Indelicato was indicted in 1972 for the inquiry into the murder of Joe Gallo, but was released on $15,000 bail.

===Planning a coup===
Joseph Massino began jockeying for power with Dominick "Sonny Black" Napolitano, another Philip Rastelli loyalist capo, after the 1979 murder of Carmine Galante. Both men were themselves threatened by another faction seeking to depose the absentee boss led by capos Indelicato, Dominick "Big Trin" Trincera and Philip Giaccone. The Commission initially tried to maintain neutrality, but in 1981, Massino got word from his informants that the three capos were stocking up on automatic weapons and planning to kill the Rastelli loyalists within the Bonanno family to take complete control. Massino turned to Colombo crime family boss Carmine Persico and Gambino crime family boss Paul Castellano for advice; they told him to act immediately.
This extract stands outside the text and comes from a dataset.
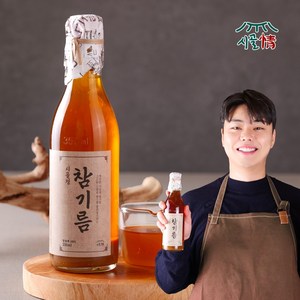 시골정 참기름 저온압착 100% 통참깨 대용량, 2개, 350ml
==The three capos murder==
On May 5, 1981, Massino loyalists shot and killed Indelicato, Trinchera, and Giaccone, in a Brooklyn night club. On the pretext of working out a peace agreement, Massino had invited them to meet with him at the 20/20 Night Club in Clinton Hill, Brooklyn. However, Massino's real plan was to assassinate the capos. The ambush was set in the club store room, with Salvatore Vitale and three other gunmen wearing ski masks hiding in a closet. One of the gunmen was mobster Vito Rizzuto, who came from Montreal with another Canadian mobster to help Massino. Massino told the men to avoid shooting wildly so that bullets wouldn't spray around the room. Massino also brought drop cloths and ropes for disposing of the bodies afterwards.

When the capos arrived at the 20/20, Massino and Bonanno mobster Gerlando Sciascia and Frank Lino escorted them to the store room. As the men entered the room, Sciascia brushed his hand through his hair, giving the prearranged signal. Vitale and gunmen rushed out of the closet, with Rizzuto yelling "it's a hold up". Massino immediately punched Giaccone, knocking him to the floor, and also stopping Indelicato from escaping. Giaccone got up and tried to run out of the room, but was blocked up against a wall with Trinchera. The gunmen killed Giaccone with a volley of submachine gun fire. They then turned their weapons on Indelicato and Trinchera. The three capos were unarmed, as was the rule when attending a peace meeting.

After the killings, the Bonanno gunmen transported the three bodies to a lot in Lindenwood, Queens, in an area known as The Hole.

The lot was a Gambino mob graveyard; Gambino capo John Gotti arranged for his men to bury the bodies there as a favor to Massino. A few weeks later, on May 28, authorities discovered Indelicato's body and removed it from the lot.

In October 2004, after some children reported finding a body in the Lindenwood lot, FBI agents excavated the property and discovered the bodies of Trinchera and Giaccone. Among the personal items they unearthed was a Piaget watch that had belonged to Giaccone's wife. In December 2004, the bodies were positively identified as Giaccone and Trinchera.

On June 23, 2005, Massino, then a government witness to avoid the death penalty, pleaded guilty to several murders including those of Giaccone, Trinchera, and Indelicato. He received two life sentences in prison. On May 4, 2007, after being extradited to the United States, Rizzuto pleaded guilty in a Brooklyn court to reduced charges in the murder of three capos and was sentenced to ten years in state prison.

After his father's murder, Indelicato's son, Anthony, went into hiding in Fort Lauderdale, Florida. Massino wanted to kill him also, but he had missed the meeting. His father brought Lino instead, who was the sole survivor of the massacre. Lino, who had escaped, was quickly won over to Massino's side. Napolitano assigned associate Donnie Brasco, who he hoped to make a made man, to kill Indelicato. "Brasco", however, was in fact an undercover FBI agent named Joseph Pistone; shortly after the hit was ordered, Pistone's assignment was ended and Napolitano was informed of their infiltration.

==In popular culture==
- In the 1997 film Donnie Brasco, Al Indelicato was portrayed by Robert Miano.
- In the 2017 Canadian TV series Bad Blood, in a flashback, Sonny Red is portrayed by Joe Di Mambro.